The 2011 OVDP was also a one-off program that lasted until September 9, 2011. it was similar to the 2009 OVDP with a few changes: the range of years increased to 2003 to 2010 (versus 2003 to 2008 for the 2009 OVDP) and the penalty percentage increased to 25%, with the possibility to reduce it to 5%. The penalty percentage could be reduced to 5% for taxpayers who were unaware of being U.S. citizens, or for taxpayers satisfying a set of conditions such as infrequent use of the account, payment of taxes for all funds deposited into the account, and more.

The 2012 OVDP was an open-ended program (not limited to a single year).

The 2012 OVDP was modified in 2014 (modification announced June 18, 2014, effective July 1, 2014). The modification was accompanied by an expansion of the streamlined filing compliance procedures to cover a wider range of non-willful violations. The modification of the OVDP reduced its scope to "help focus this program on people seeking certainty and relief from criminal prosecution."

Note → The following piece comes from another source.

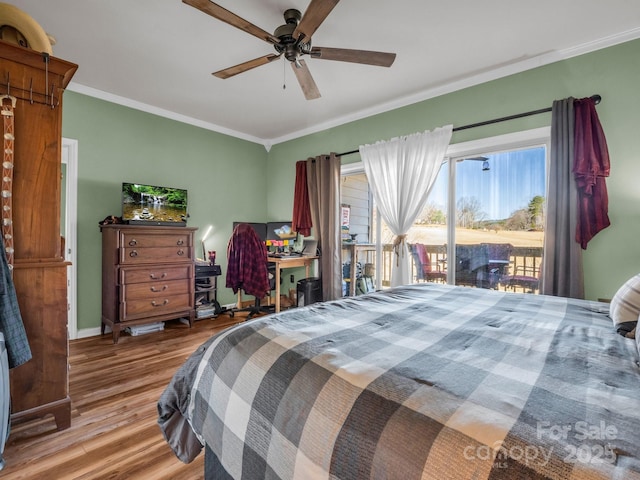 bedroom featuring a ceiling fan, wood finished floors, baseboards, crown molding, and access to outside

The OVDP was eventually closed, with September 28, 2018 being the last day to apply for the OVDP. Explaining the closure of the program, the IRS said: "While the program has been successful in the past, there has been a significant decline in the number of taxpayers participating as well as an increase in awareness of offshore tax and reporting obligations. The IRS has previously stated publicly that the 2014 OVDP would close at some time. Taxpayers have had the opportunity to participate in OVDP since 2009."

===Introduction of streamlined filing compliance procedures (started September 2012, expanded July 1, 2014)===

The IRS introduced the streamlined filing compliance procedures on September 1, 2012.

The streamlined filing compliance procedures were expanded significantly on July 1, 2014, with the changes announced June 18, 2014. These changes expanded the eligibility criteria, "eliminating a cap on the amount of tax owed to qualify for the program, and doing away with a questionnaire that applicants were required to complete." In more detail:

The expanded streamlined procedures are available to a wider population of U.S. taxpayers living outside the country and, for the first time, to certain U.S. taxpayers residing in the United States. The changes include:
- Eliminating a requirement that the taxpayer have $1,500 or less of unpaid tax per year;
- Eliminating the required risk questionnaire;
- Requiring the taxpayer to certify that previous failures to comply were due to non-willful conduct.

For eligible U.S. taxpayers residing outside the United States, all penalties will be waived. For eligible U.S. taxpayers residing in the United States, the only penalty will be a miscellaneous offshore penalty equal to 5 percent of the foreign financial assets that gave rise to the tax compliance issue.

At the same time, it was announced that taxpayers who were currently in OVDP had the opportunity to switch to the streamlined filing compliance procedures by submitting an additional certification that all their violations were non-willful.

In the frequently asked questions associated with the announcement of its decision to close the OVDP in 2018, the IRS reiterated that the streamlined filing compliance procedures would continue to remain available.